- [WORK TO BE COMPLETED]: Take the material below and extract the lines from the one with "A smiling woman" through the one with "A horseshoe-shaped Regency", word for word, without pictures.

- [TASK DATA]:
* * *
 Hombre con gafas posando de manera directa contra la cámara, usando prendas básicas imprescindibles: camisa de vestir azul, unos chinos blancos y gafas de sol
* * *
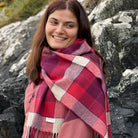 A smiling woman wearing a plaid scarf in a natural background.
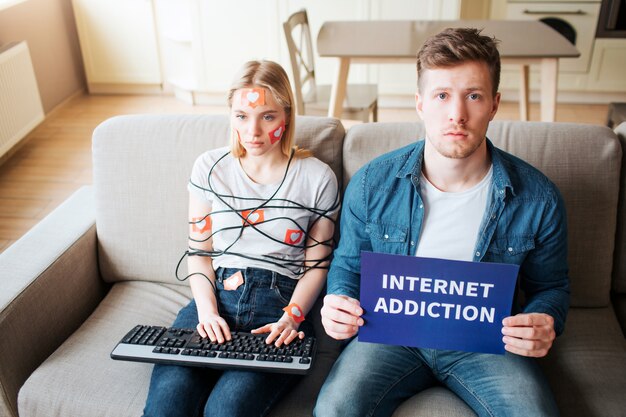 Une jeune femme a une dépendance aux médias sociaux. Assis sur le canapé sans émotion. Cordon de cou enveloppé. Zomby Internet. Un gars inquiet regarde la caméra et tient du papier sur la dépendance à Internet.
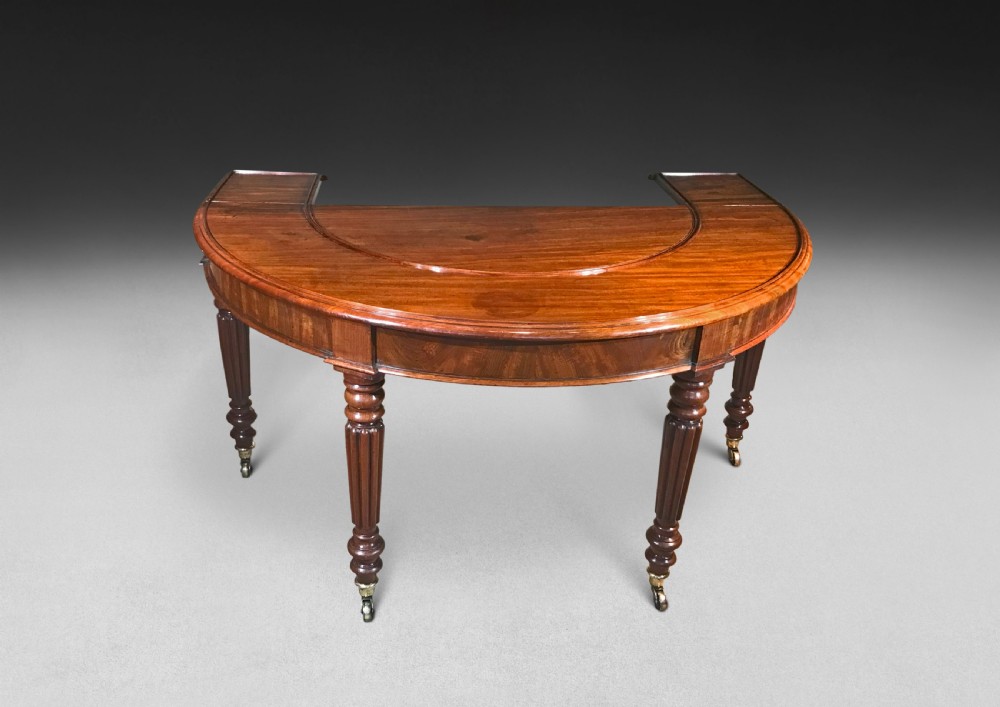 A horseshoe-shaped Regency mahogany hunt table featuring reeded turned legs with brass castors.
* * *
- [SOLUTION]:
 A smiling woman wearing a plaid scarf in a natural background.
 Une jeune femme a une dépendance aux médias sociaux. Assis sur le canapé sans émotion. Cordon de cou enveloppé. Zomby Internet. Un gars inquiet regarde la caméra et tient du papier sur la dépendance à Internet.
 A horseshoe-shaped Regency mahogany hunt table featuring reeded turned legs with brass castors.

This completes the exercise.